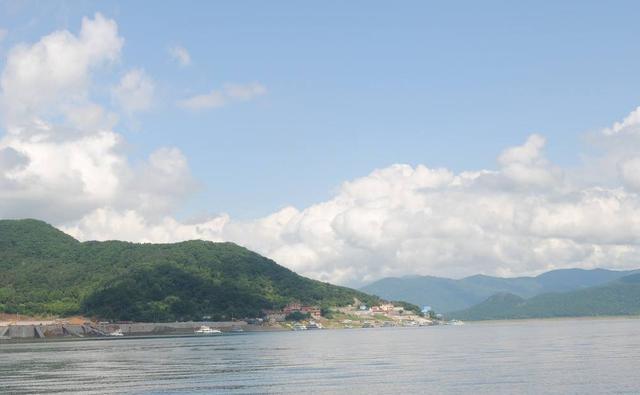 这年有财气的生肖牛，得好好抓住机会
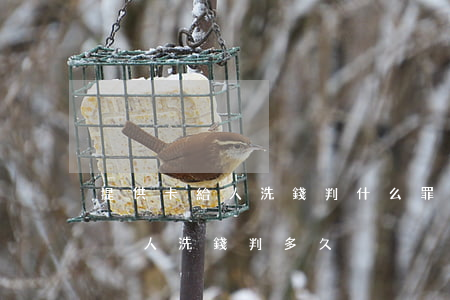 提供卡給人洗錢判什么罪要給懲戒嘛(賣卡給別人洗錢判多久)
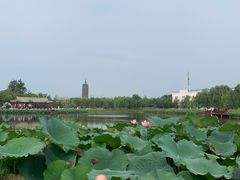 -西海子公园
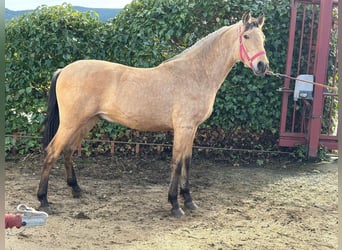 PRE, Stallion, 2 years, 15,1 hh, Dun
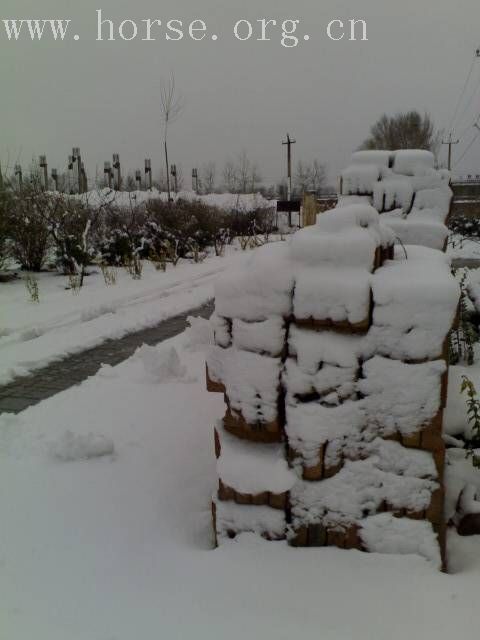 [贴图]雨后雪中行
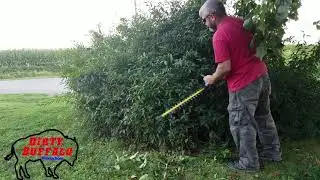 EGO HT2410 Hedge Trimmer VS. Gas Hedge Trimmer (How much quieter is it?)
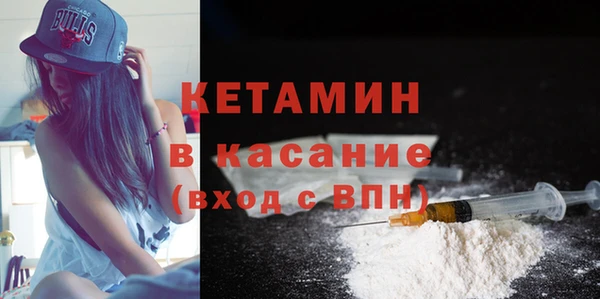 индика Дмитриев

(TASK PROMPT) Output the data exactly. Leave every picture out.

(TASK RESULT)
 这年有财气的生肖牛，得好好抓住机会
 提供卡給人洗錢判什么罪要給懲戒嘛(賣卡給別人洗錢判多久)
 -西海子公园
 PRE, Stallion, 2 years, 15,1 hh, Dun
 [贴图]雨后雪中行
 EGO HT2410 Hedge Trimmer VS. Gas Hedge Trimmer (How much quieter is it?)
 индика Дмитриев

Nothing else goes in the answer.